As approved by the EPA GA on 16th August 2006 and by Royal Decree on 25th October 2006. Published in the Moniteur Belge on November 22, 2006, modified by the EPA GA on 29th November 2014, further modified by the EPA GA on 21st May 2021.
International Non Profit Association
EUROPEAN PARENTS’ ASSOCIATION (EPA)
C O N S T I T U T I O N
TITLE AND REGISTERED OFFICE
An international non-profit association, entitled “European Parents’ Association”, in abbreviated form “EPA”, is hereby created.
The Association has its registered office in the Brussels capital region.
This registered office can be changed in Belgium by a simple majority vote of the General Assembly.
The Association is governed in accordance with Livre 10 du Code des Sociétés et des Associations (Part 10 of the Company’s and Association’s Act)
In an ever faster changing society with complex challenges EPA’s mission is to help and empower parents to improve education for all children in Europe, regardless of their nationality, country of origin, country of residence, religion, gender, sexual orientation and socio-economic background so that each of them can develop his/her full potential.
- To represent parents in all educational matters on the European level and to give them a powerful voice in the development of policies and on all decisions that have a direct effect on the education of children and their parents.
- To promote collaboration between parents’ associations and federations of parents’ associations, schools and other educational communities throughout Europe, regardless of their political, philosophical or religious convictions and to foster exchange of good practices between members.
In its pursuit of this aim, EPA will not seek to make a profit but to:
- Promote the active involvement of parents at all stages of the education of their children.
- Support the advancement of parents’ associations in different European countries.
- Support the highest possible quality of educational development for all children in Europe.
- Promote the recognition for parents of their central place as the primary educators of their children.
- Support and promote coordination and cooperation between diverse European level organizations, associations, networks and institutions for the purpose of pursuing EPA’s mission;
- Support and promote coordination and cooperation between the various European organizations of parents’ associations to exchange experience, views and facilitate common projects drawn up and implemented by these member associations;
- Facilitate reception and dissemination of relevant European information to member associations.
EPA consists of:
- full members who shall be national or regional parents’ organisations with mission and aims consistent with those of EPA and who shall have voting right and be represented for this purpose by one of their members;
- associate members who shall be organisations or institutions who contribute through their own activities to the mission and aims of EPA, and who shall have consultative status.

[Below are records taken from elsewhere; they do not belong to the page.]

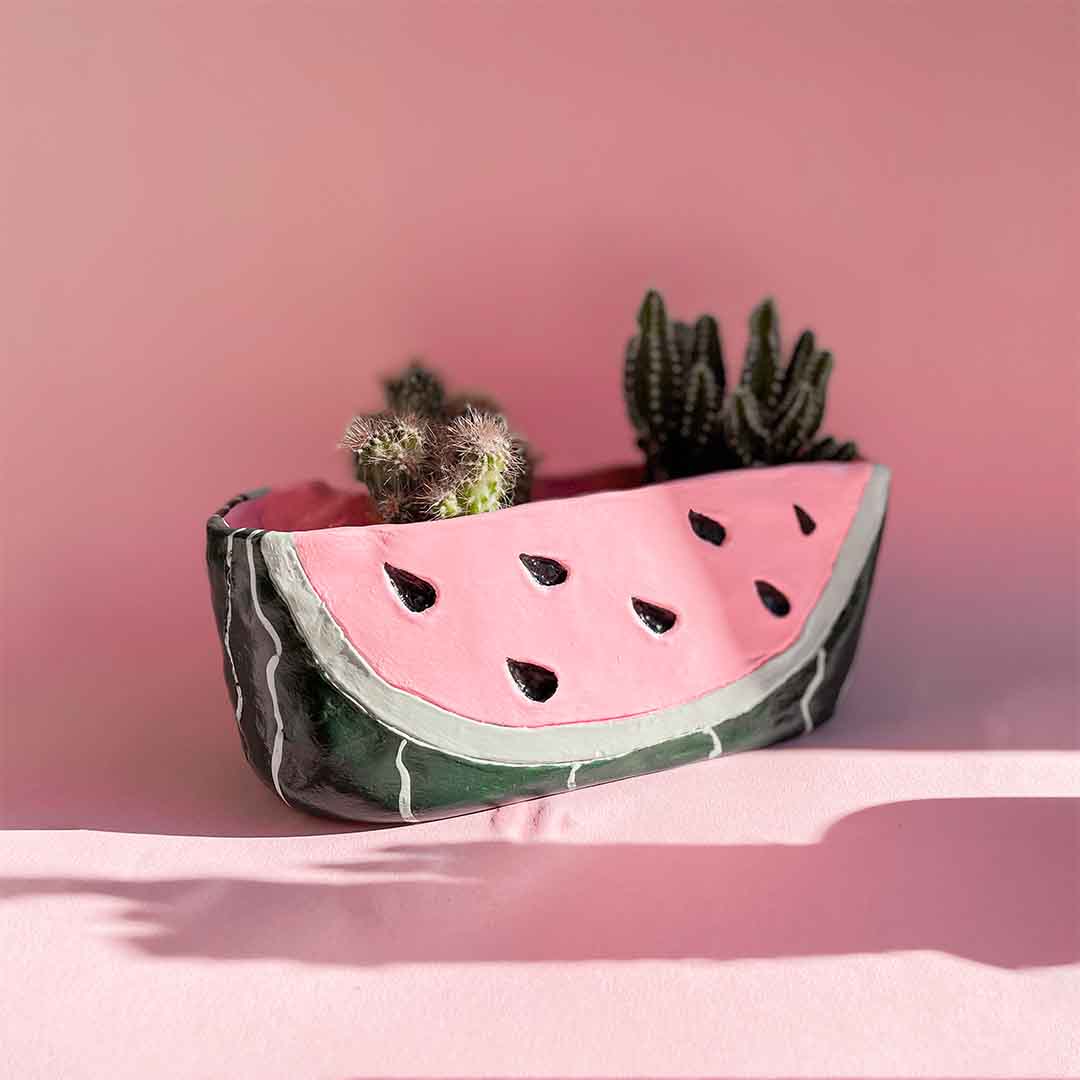 Watermelon cactus pot by Junifer Tash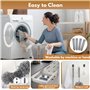 Wusboo Plumeau Poussière 8 Pièces Lavable, 2 Tête de Loup Télescopique Duster Telescópico avec Manche 253 cm, Nettoyeur Rétracta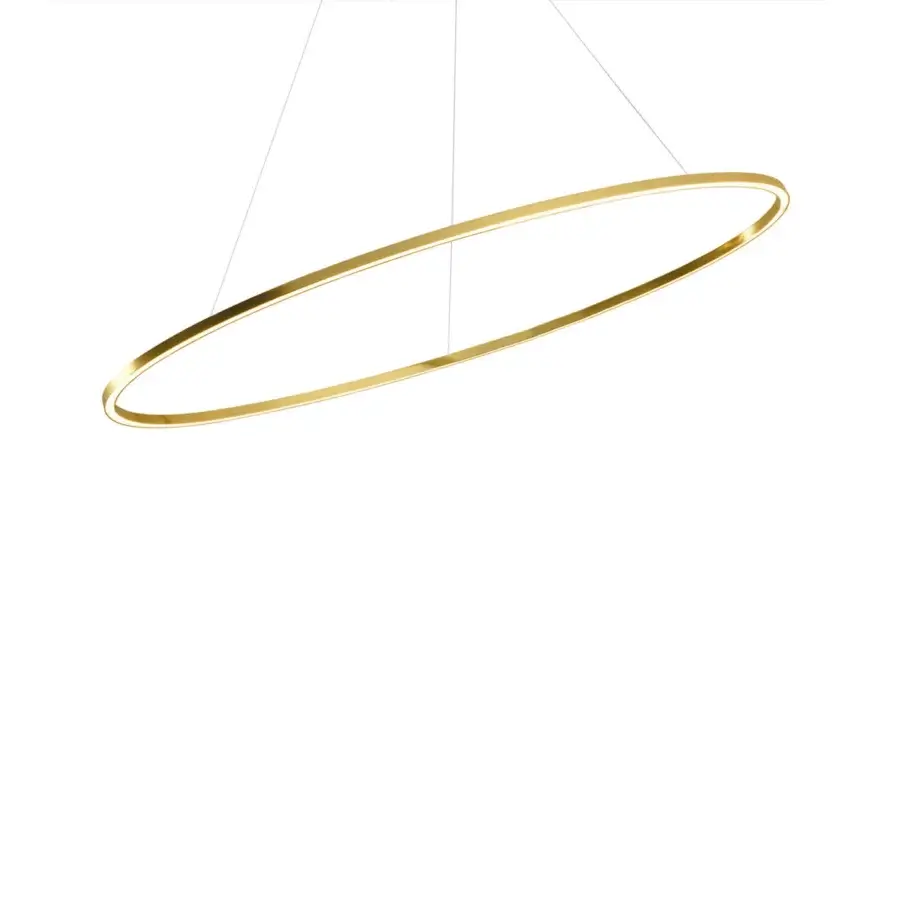 Exclusive Nemo Ellisse suspension lamp with flattened geometric loop crafted in glossy golden finish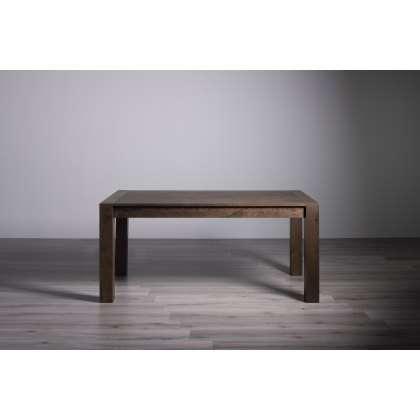 Blake Dark Oak 6-8 Dining Table & 6 Lewis Petrol Blue Velvet Fabric Chairs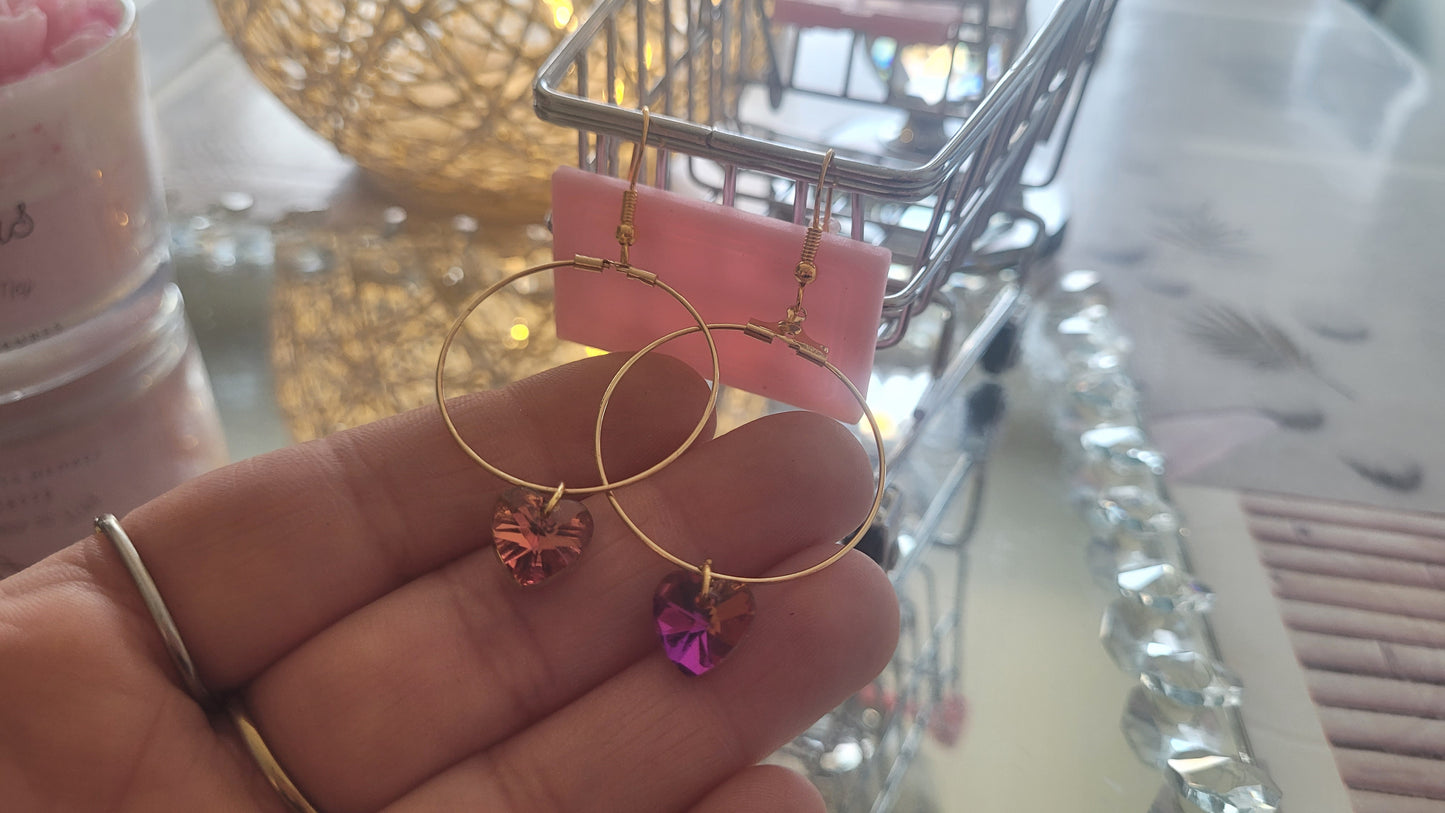 boucles créole coeur rose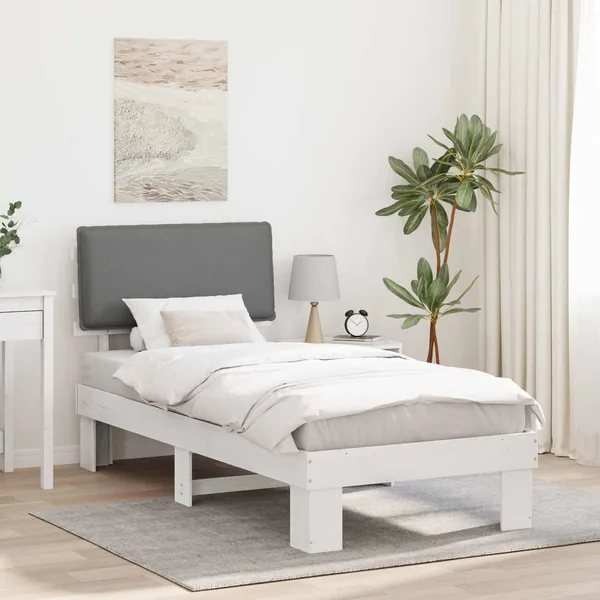 Cadre de lit avec tête de lit rembourrée Gris clair 75 x 190 cm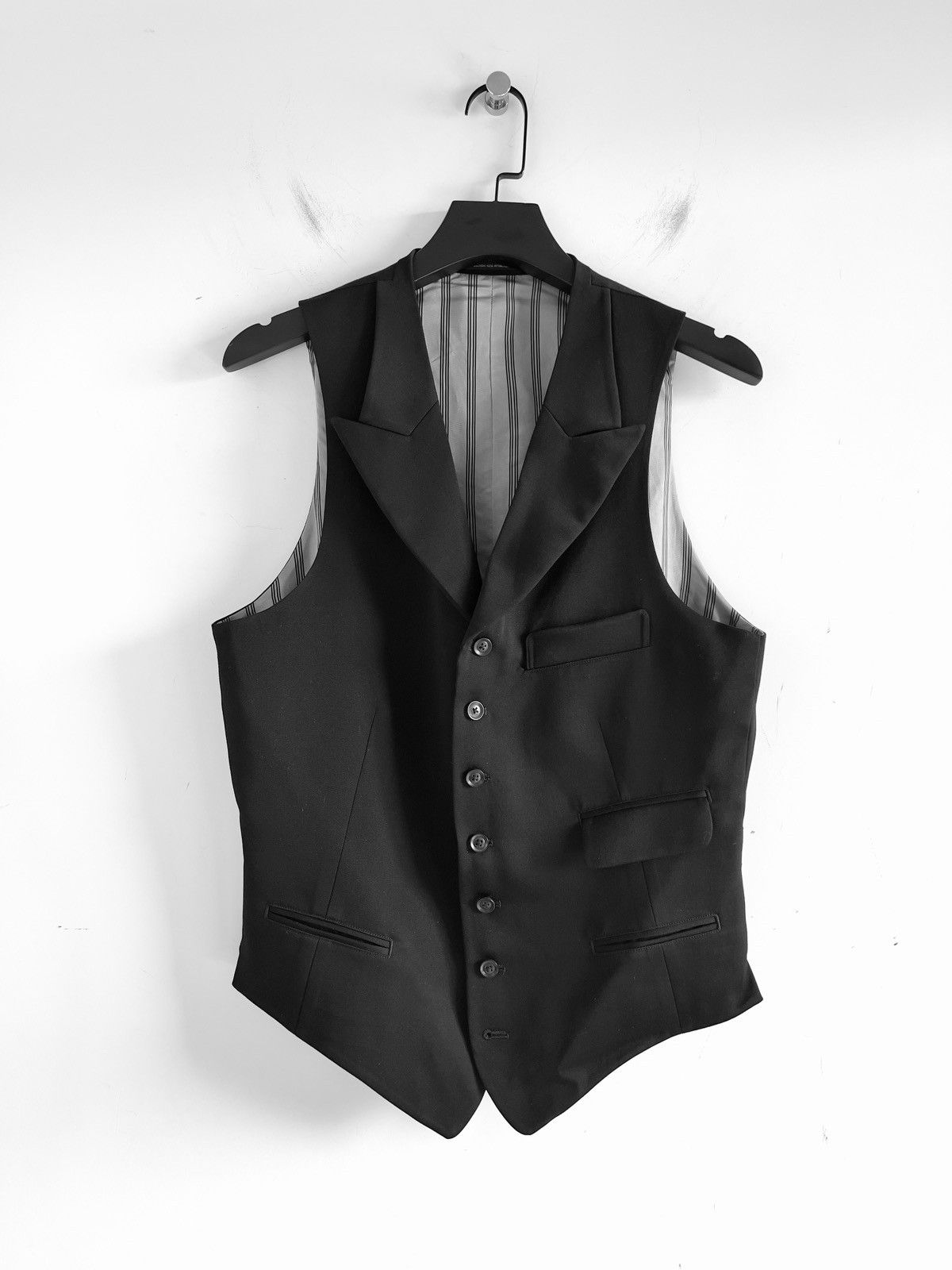 Yohji Yamamoto Yohji Yamamoto Pour Homme Wool 7BS Peak Lapel Tailored Vest Size US M / EU 48-50 / 2 - 1 Thumbnail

- affiliate members who shall be emerging local, regional or national parents’ organisations with mission and aims potentially consistent with those of EPA and who shall have consultative status and be represented for this purpose by one of their members.
- Affiliate membership may be assigned for a period of two years after which the member might become a full or associate member as appropriate. On special request the period of affiliate membership can be extended to a maximum of 5 years.
- honorary members who shall be persons contributing to EPA’s aims and mission at European level.
Honorary membership may be assigned for a period of 5 years. The honorary membership period can be extended to any length.
The members together comprise the General Assembly. However, the right of vote belongs to Full Members only and, should the need arise, the President of the Board of Directors may restrict the convening of the Assembly for a specific topic to Full Members only.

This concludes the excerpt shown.